[THE PROBLEM]
The records below must be copied in full; omit the images.
::::::::::
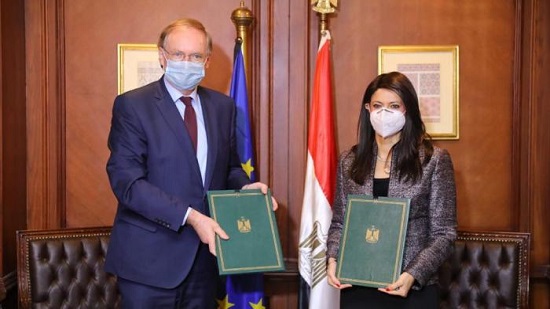 مصر تتعاون مع الاتحاد الأوروبي في مكافحة فيروس كورونا
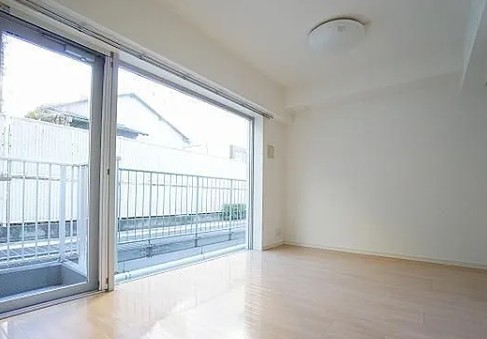 居室・リビング　別タイプ部屋　参考写真です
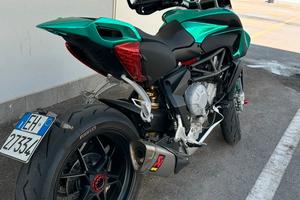 Rivale 800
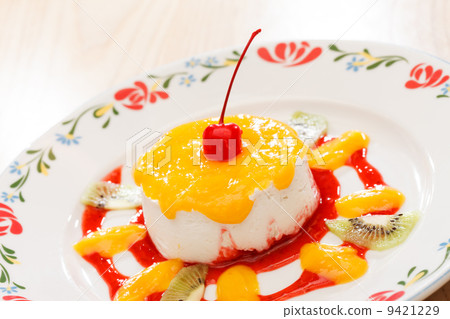 panna cotta dessert for kids 9421229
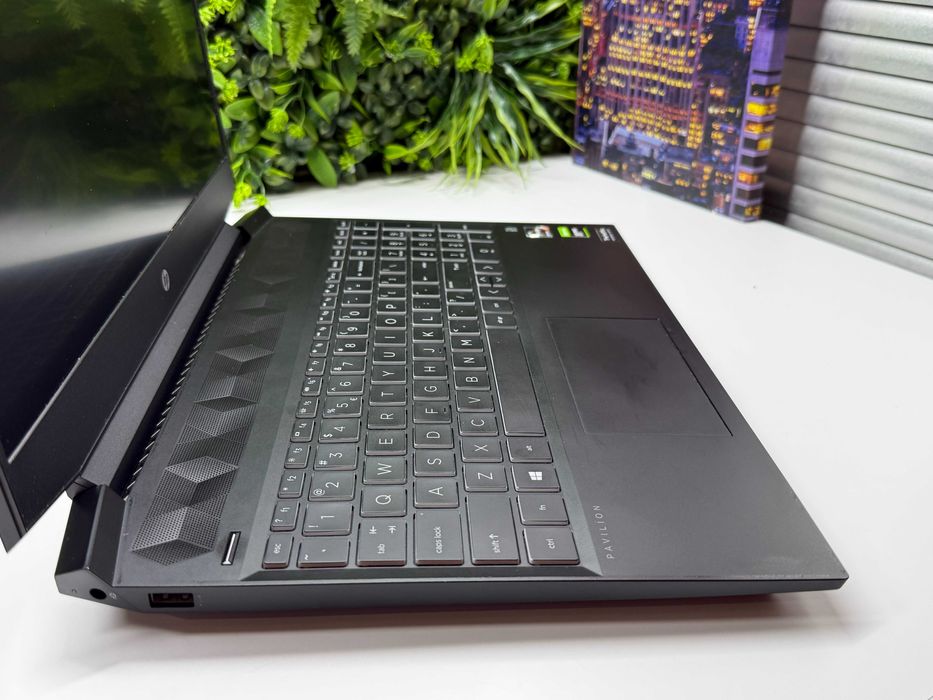 Лаптоп HP Pavilion Gaming 15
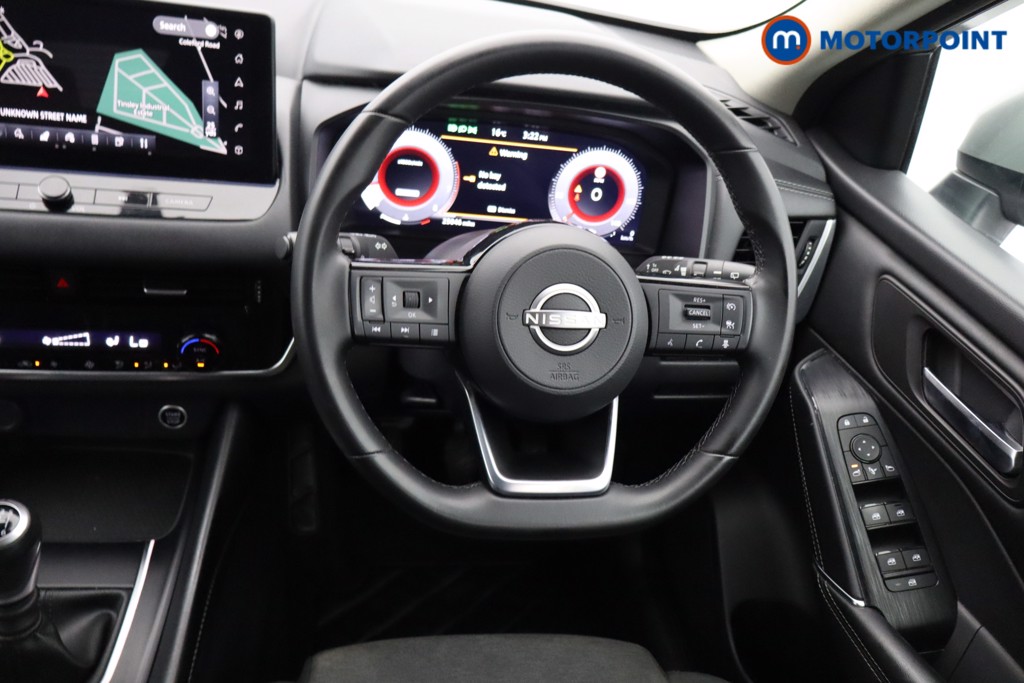 Nissan Qashqai N-Connecta Manual Petrol SUV - Stock Number (1575090) - 3rd supplementary image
::::::::::
[EXERCISE RESPONSE]
 مصر تتعاون مع الاتحاد الأوروبي في مكافحة فيروس كورونا
 居室・リビング　別タイプ部屋　参考写真です
 Rivale 800
 panna cotta dessert for kids 9421229
 Лаптоп HP Pavilion Gaming 15
 Nissan Qashqai N-Connecta Manual Petrol SUV - Stock Number (1575090) - 3rd supplementary image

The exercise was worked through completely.